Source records
--

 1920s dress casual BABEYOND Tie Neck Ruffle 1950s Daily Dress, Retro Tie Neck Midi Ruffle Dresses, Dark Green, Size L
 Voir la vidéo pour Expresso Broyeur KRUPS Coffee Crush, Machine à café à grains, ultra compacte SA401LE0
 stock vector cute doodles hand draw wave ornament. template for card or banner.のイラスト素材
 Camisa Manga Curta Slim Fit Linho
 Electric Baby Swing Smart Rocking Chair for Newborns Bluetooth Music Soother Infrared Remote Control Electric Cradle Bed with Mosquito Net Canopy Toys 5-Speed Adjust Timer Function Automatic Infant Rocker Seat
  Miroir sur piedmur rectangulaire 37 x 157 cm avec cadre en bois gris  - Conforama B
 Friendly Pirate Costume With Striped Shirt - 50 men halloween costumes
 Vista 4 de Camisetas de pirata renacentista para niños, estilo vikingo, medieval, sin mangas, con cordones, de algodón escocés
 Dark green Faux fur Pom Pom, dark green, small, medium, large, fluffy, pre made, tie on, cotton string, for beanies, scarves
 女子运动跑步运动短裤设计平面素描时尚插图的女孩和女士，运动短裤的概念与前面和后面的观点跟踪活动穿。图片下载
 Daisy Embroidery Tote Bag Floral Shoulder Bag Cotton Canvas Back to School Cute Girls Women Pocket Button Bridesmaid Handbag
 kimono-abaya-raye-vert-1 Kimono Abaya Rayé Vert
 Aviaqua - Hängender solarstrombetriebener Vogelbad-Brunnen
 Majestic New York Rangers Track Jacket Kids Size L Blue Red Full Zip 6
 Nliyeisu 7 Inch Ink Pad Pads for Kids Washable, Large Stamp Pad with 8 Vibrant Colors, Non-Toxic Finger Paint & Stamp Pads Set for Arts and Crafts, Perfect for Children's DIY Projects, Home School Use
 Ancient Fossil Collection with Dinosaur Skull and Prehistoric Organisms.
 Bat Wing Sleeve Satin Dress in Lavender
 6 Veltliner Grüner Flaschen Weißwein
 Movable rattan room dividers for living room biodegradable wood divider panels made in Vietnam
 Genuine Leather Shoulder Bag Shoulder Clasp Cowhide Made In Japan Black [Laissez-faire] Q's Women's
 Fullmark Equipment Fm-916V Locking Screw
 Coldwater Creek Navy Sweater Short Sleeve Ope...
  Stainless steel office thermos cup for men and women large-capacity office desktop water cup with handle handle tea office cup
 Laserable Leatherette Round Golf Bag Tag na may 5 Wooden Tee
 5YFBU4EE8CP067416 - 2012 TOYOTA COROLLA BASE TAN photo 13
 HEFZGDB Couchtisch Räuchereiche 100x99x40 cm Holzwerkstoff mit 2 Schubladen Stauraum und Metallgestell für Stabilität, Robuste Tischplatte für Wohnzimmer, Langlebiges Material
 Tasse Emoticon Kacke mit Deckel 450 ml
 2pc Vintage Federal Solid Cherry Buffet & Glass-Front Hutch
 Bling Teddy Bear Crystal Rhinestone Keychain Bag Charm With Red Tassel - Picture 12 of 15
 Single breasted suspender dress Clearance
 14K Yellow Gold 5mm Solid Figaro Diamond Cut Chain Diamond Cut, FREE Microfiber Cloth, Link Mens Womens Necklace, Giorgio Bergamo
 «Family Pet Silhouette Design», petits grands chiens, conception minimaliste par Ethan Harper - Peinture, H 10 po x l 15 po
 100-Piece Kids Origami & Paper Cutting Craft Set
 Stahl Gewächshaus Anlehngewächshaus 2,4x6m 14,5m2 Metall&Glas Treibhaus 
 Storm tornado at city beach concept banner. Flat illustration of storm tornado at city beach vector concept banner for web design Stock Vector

--

■ Assignment ■
A word-for-word copy of the lines above from the one with "6 Veltliner Grüner Flaschen Weißwein" through the one with "Coldwater Creek Navy", inclusive, is the only output wanted.

■ The answer ■
 6 Veltliner Grüner Flaschen Weißwein
 Movable rattan room dividers for living room biodegradable wood divider panels made in Vietnam
 Genuine Leather Shoulder Bag Shoulder Clasp Cowhide Made In Japan Black [Laissez-faire] Q's Women's
 Fullmark Equipment Fm-916V Locking Screw
 Coldwater Creek Navy Sweater Short Sleeve Ope...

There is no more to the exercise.